Monday, June 18, 2012

Difference between Java EE &. Standalone Agents

Java EE vs. Standalone Agents


In 11g, the agents can optionally be installed as applications in a Oracle WebLogic Server, and automatically benefit from the clustering, load-balancing, datasources and connection pooling features available with the application server. They are by default scalable and highly available.

 Standalone Agents (like in 10g) and Java EE Agents (in WLS). Well, they are (almost) the same piece of code. The main difference is where/how you install them (in WLS or on top of a JVM) and the features that you benefit from this installation.
Typically:
  • The Standalone agent is easier to deploy anywhere, but does not have clustering or connection pooling.
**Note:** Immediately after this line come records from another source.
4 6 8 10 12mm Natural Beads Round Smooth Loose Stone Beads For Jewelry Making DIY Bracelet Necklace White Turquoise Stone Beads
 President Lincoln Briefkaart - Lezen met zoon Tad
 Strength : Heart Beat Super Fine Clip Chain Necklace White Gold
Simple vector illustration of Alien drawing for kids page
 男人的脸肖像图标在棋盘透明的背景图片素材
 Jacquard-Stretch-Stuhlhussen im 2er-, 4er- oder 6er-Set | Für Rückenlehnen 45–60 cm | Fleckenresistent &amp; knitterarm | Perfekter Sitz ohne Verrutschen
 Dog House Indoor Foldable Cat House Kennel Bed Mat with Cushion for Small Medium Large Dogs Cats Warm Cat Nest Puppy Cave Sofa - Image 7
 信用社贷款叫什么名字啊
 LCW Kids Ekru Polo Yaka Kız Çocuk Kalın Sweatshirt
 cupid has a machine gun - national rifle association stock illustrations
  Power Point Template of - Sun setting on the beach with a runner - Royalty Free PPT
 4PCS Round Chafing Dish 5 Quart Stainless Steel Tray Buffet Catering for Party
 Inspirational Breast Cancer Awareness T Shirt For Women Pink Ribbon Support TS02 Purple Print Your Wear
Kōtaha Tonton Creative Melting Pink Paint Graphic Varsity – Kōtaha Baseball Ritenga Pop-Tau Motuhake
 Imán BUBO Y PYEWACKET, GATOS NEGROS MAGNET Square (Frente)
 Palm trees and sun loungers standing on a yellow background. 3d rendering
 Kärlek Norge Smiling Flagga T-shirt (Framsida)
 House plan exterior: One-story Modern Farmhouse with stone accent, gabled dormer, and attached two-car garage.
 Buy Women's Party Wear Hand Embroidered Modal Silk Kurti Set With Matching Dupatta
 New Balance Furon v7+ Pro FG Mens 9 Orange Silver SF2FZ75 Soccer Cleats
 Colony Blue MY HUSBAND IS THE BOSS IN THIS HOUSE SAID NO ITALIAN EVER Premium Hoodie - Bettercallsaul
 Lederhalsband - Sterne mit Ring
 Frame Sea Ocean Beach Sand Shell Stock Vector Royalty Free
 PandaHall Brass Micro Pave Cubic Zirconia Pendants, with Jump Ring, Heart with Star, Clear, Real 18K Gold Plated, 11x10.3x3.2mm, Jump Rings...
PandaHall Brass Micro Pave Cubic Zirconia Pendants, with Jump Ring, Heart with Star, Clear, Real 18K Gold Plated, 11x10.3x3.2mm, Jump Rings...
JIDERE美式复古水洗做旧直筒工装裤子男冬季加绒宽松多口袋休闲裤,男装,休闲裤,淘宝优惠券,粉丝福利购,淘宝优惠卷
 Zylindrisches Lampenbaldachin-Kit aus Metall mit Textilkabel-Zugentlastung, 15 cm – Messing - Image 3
It can rely on Oracle Process Manager and Notification Server (OPMN) for being protected and monitored like a service and it can use the built-in ODI Load Balancing feature.
  • The Java EE agent is slightly more complex to set up (you need to install WLS first, set up a domain, and so forth), but gives you access to a different world in terms of enterprise-scale deployment: clustering, load-balancing, centralized monitoring and so forth.

Note that the choice between the two type of agents is really a user choice, and it is easy to mix both these type of agents seamlessly into an ODI architecture. (yes, you read that correctly, the standalone and JEE agents can be used together in the same network topology!)